## The data
===============

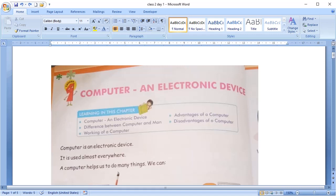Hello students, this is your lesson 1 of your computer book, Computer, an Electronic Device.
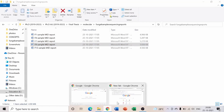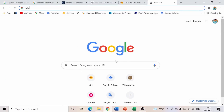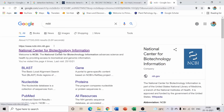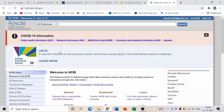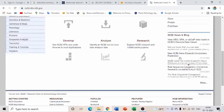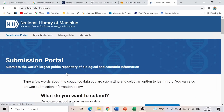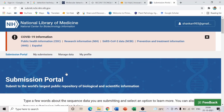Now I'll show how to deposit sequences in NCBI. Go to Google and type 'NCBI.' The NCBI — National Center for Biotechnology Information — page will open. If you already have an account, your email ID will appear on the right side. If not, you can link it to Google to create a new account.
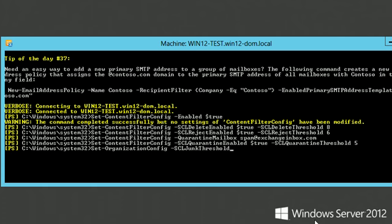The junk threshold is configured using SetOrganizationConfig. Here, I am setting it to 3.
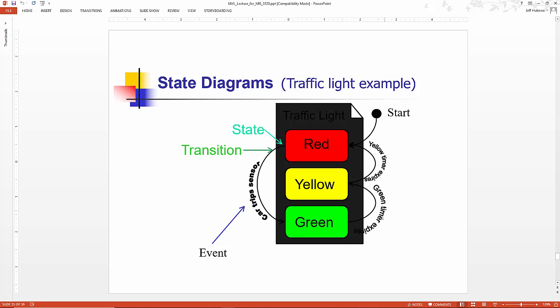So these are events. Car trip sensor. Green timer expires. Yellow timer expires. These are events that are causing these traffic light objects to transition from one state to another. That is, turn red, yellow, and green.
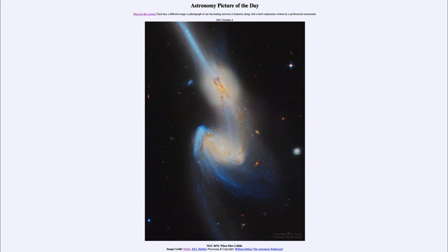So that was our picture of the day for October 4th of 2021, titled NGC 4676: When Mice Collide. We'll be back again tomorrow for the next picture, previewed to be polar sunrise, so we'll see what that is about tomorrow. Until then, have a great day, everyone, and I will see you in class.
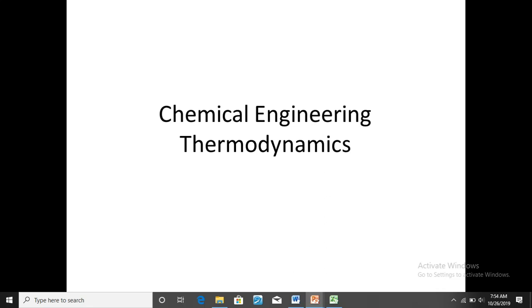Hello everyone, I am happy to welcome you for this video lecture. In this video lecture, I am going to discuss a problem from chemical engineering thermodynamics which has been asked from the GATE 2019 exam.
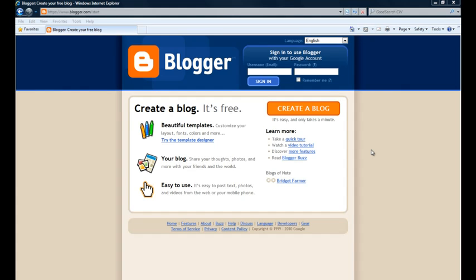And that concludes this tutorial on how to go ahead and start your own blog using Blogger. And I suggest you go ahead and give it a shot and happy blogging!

===============

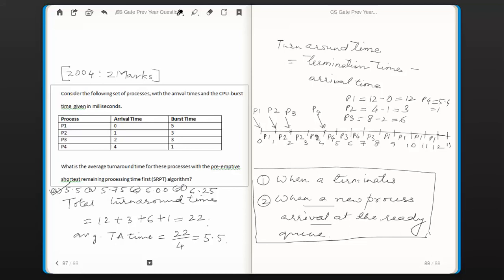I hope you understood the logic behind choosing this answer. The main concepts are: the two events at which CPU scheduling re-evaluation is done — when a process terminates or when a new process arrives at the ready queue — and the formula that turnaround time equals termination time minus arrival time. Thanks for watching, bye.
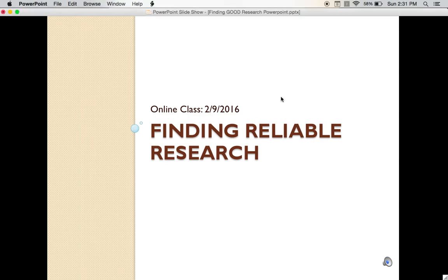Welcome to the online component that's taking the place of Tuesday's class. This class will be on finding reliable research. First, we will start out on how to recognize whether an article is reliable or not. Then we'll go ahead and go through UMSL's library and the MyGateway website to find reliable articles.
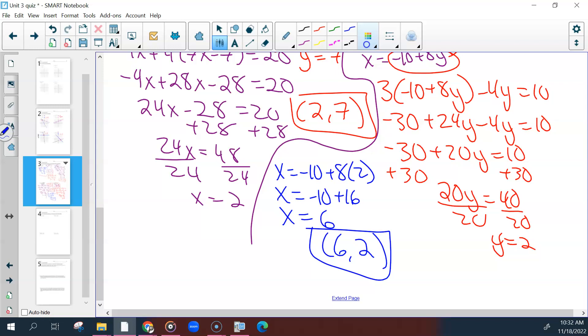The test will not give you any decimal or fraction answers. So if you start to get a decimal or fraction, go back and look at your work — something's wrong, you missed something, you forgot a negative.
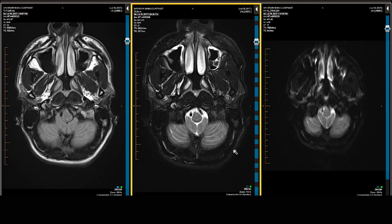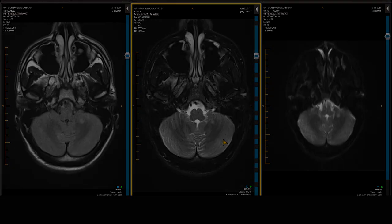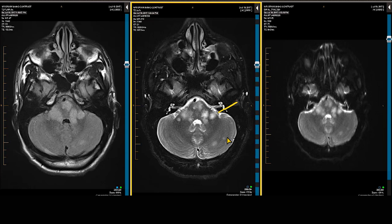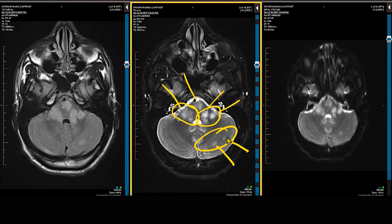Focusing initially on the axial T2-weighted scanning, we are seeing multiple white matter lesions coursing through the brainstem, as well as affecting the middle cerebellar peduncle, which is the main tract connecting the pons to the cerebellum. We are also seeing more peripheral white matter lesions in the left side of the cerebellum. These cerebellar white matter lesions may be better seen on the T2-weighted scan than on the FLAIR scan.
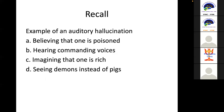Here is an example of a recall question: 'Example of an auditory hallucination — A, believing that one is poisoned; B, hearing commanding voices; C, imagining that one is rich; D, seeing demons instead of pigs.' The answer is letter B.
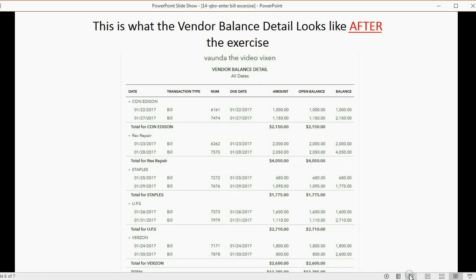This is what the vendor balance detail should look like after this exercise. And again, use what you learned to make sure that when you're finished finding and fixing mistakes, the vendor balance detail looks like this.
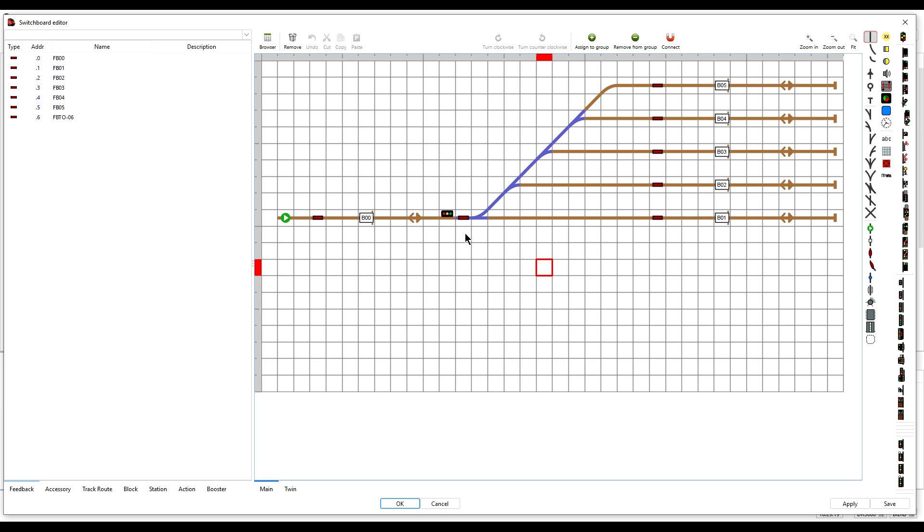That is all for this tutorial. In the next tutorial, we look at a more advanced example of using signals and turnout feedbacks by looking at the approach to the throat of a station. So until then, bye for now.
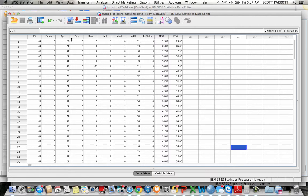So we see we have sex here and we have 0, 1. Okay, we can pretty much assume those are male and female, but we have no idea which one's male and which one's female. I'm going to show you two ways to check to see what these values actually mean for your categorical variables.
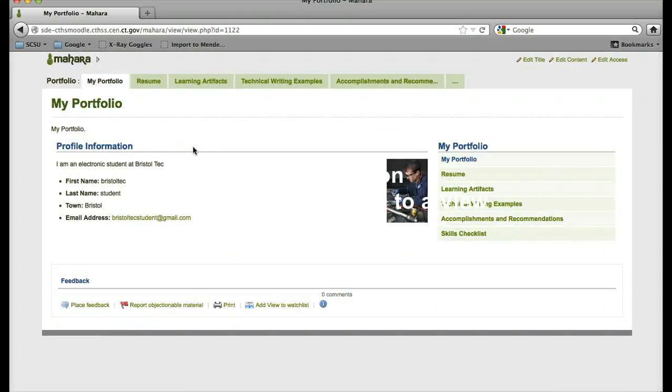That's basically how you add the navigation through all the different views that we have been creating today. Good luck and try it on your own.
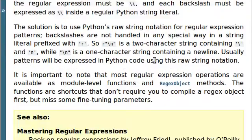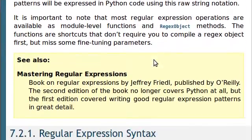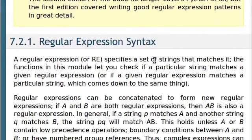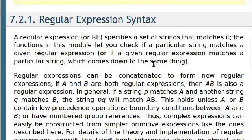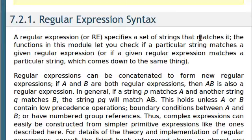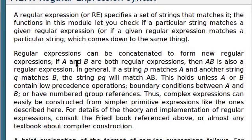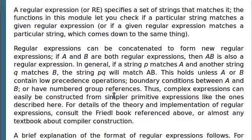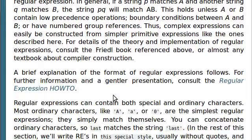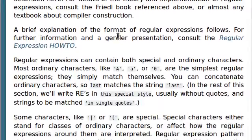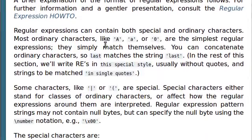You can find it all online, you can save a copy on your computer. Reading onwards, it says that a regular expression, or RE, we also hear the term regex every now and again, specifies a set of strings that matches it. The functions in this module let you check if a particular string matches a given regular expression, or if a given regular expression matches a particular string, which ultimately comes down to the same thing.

===============

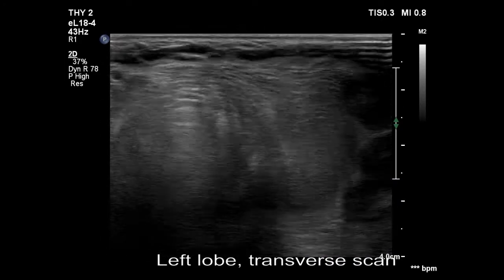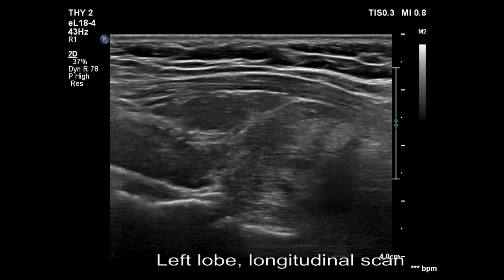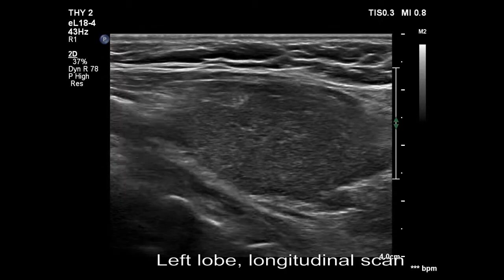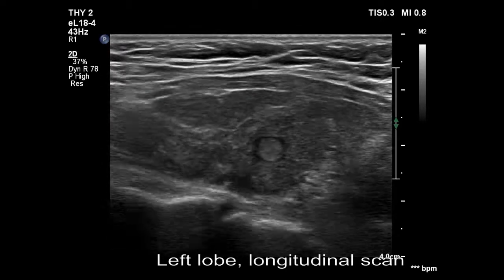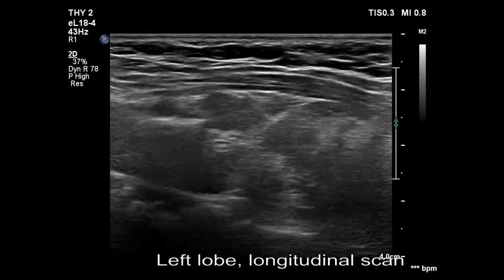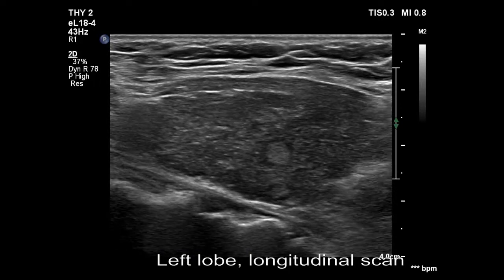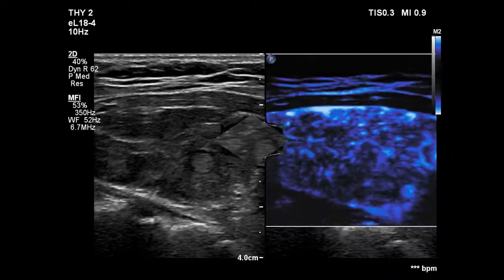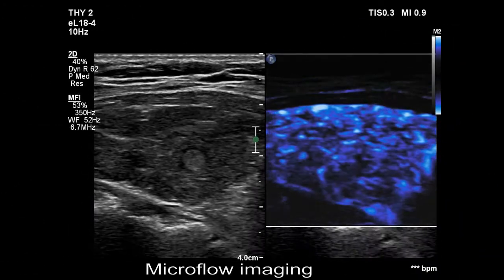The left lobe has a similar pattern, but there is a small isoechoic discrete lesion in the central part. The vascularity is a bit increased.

===============

Although the records hold pictures, the copy must not; give again exactly the lines from the one with "Hello students, this" through the one with "So these are".

## Answer box
Hello students, this is your lesson 1 of your computer book, Computer, an Electronic Device.
Now I'll show how to deposit sequences in NCBI. Go to Google and type 'NCBI.' The NCBI — National Center for Biotechnology Information — page will open. If you already have an account, your email ID will appear on the right side. If not, you can link it to Google to create a new account.
The junk threshold is configured using SetOrganizationConfig. Here, I am setting it to 3.
So these are events. Car trip sensor. Green timer expires. Yellow timer expires. These are events that are causing these traffic light objects to transition from one state to another. That is, turn red, yellow, and green.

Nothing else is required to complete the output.